2. I’m Not a Bookstagrammer or on Facebook, Nor Do I Have a YouTube Channel
Anyone who knows anything about book blogging knows that right now Instagram is the place to be. Way back when I first got into social media, tumblr became my home and though tumblr is all but dead, I still find myself using the app whenever I snap a few bookish pictures. I never made the leap to Instagram and now it feels too late. I also know I lack the talent, imagination, and time required to take good enough pictures for the place anyway. I am one of the few people who has never been on Facebook, not even for my blog. Booktubers are a big thing as well. Sometimes it feels like this is where publishers are willing to invest time and money and us traditional book bloggers get left in the dust. While I don’t think I’d be bad in front of a camera (that’s a lie; who even likes their face?), I am kind of a perfectionist and I can see myself obsessing over the little things in a video and then scrapping the whole thing because I’m so dissatisfied. I don’t know if I’m missing out not being on these platforms, but every time a publisher asked for numbers for these, I feel like I am.

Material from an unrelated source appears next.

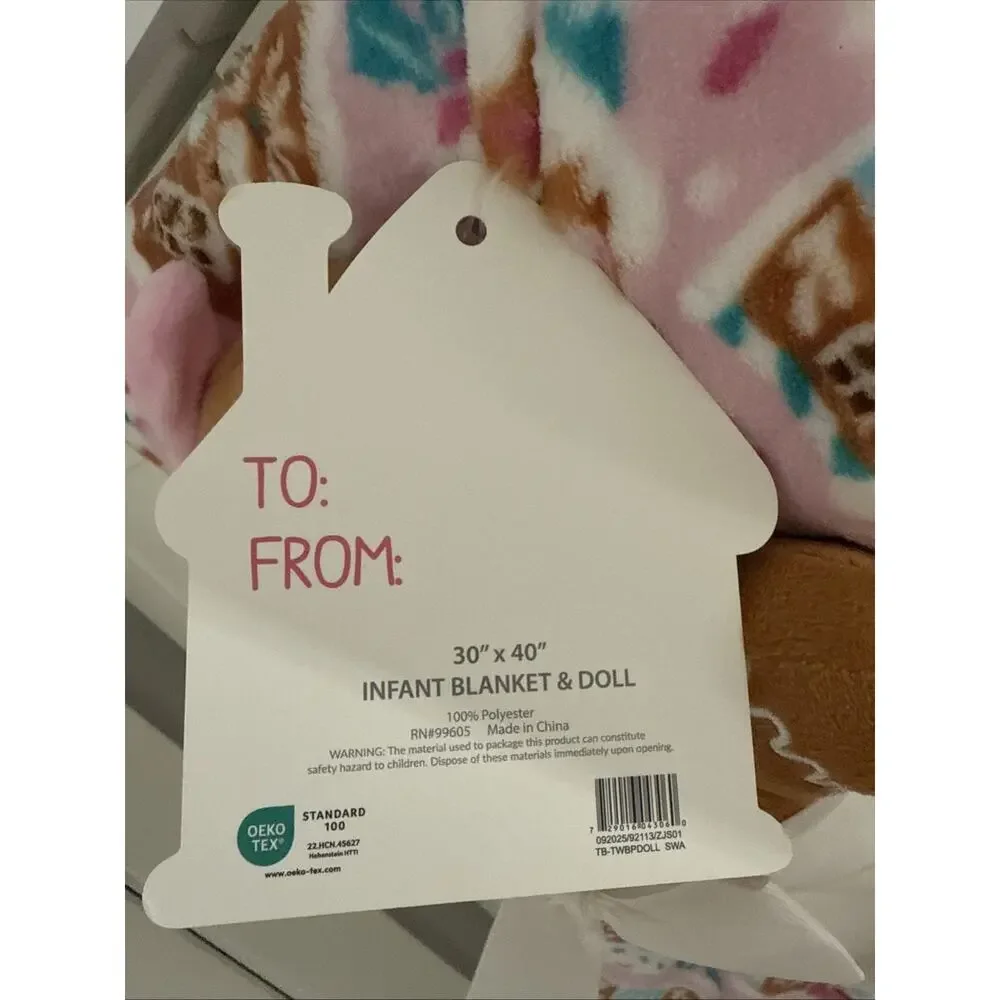 Gingerbread Baby Blanket & Plush Toy Doll Pillow 2Pc Gift Set My First Christmas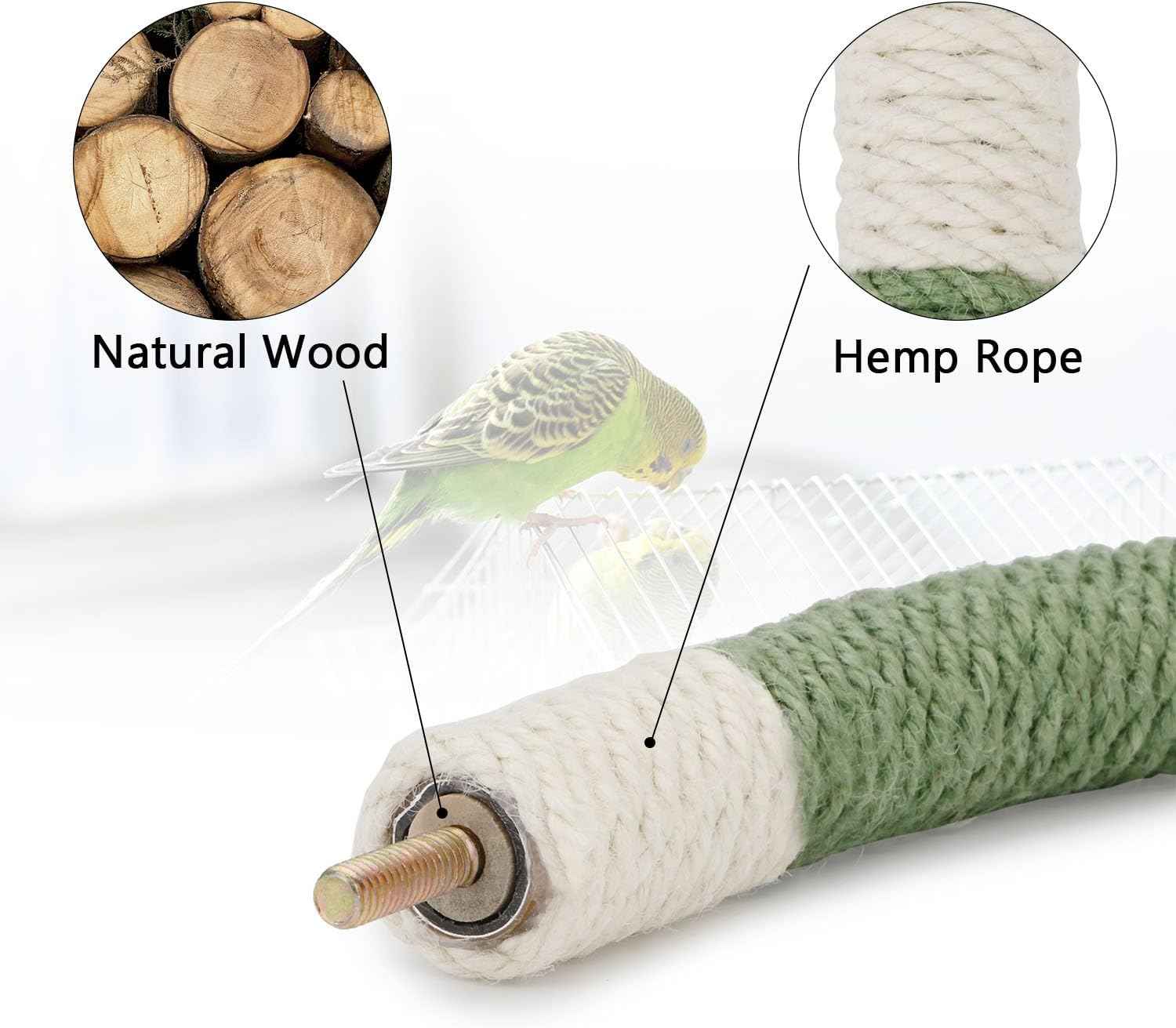 Hypeety Bird Perches Parrot U Shape Natural Wood Hemp Rope Stand Perch Bird Stick Paw Grinding Perch Birdcage Accessories Perch Standing Toy for Budgies Parakeet Cockatiel Conures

3. I Don’t Interact Enough on Twitter
I actually do have a Twitter account, but I always feel like I’m not very good at it. Some people are so good at shouting about their favorite books all the time and I feel productive if I mention them once or twice. I’m terrible at interacting on Twitter as well. I do a decent amount (this is the lie I tell myself), but let me tell you, there are an innumerable amount of times where I have typed up a reply and then promptly deleted it. In fact, I often type up tweets and then end up deleting them. I have the most fun on Twitter when I do bookish chats, but it never feels like I do enough throughout the year.
4. I Don’t Come Up With Original Blogging Ideas Throughout the Year
You know those bloggers who are super creative and they have some incredibly unique series of posts going on at one time or another? How do they do it? Sometimes I’ve got nothing and it just feels like my blog is staying afloat with the same ol’ memes and reviews. I’d love to incorporate more original content, but I lack the graphic designer skills, I can’t put together a playlist because I’m still obsessively listening to only Hamilton, and any readathons or blog ideas I have crumble in my head at the very thought that no one will end up joining. Any original ideas I do have are just being recycled by me every year, so they aren’t new.
5. I Struggle All the Time With Reviewing
I’m like a little boat that keeps sputtering and sputtering and can’t quite get itself to move forward. Reviewing is something I really do enjoy, but it’s also the most difficult aspect of blogging in my opinion. I can put together a meme post real quick and even this post right here is taking less time than most of my mini-review posts. Perhaps it is because I am a perfectionist that I struggle so much with the reviews. Sometimes it’s that first sentence I can’t quite find the words for, other times I am lost trying to find the right words for a synopsis, and sometimes I just lack any kind of motivation required to write a full review. Mini-reviews have helped in this area, but I still kind of feel like a failure when I’m not pumping out a decent amount of full reviews throughout the month.
Bonus: A few blogging activities that I’ve always been interested in, but usually fail to join because I’m so good at being a bad book blogger – blog tours, readathons, author interviews, street teams, book conferences, and author signings.
Do these failings sounds familiar? Do you have any advice at getting better in any of these areas? Any blogging failure you’d like to get off of your chest? Let’s discuss in the comments.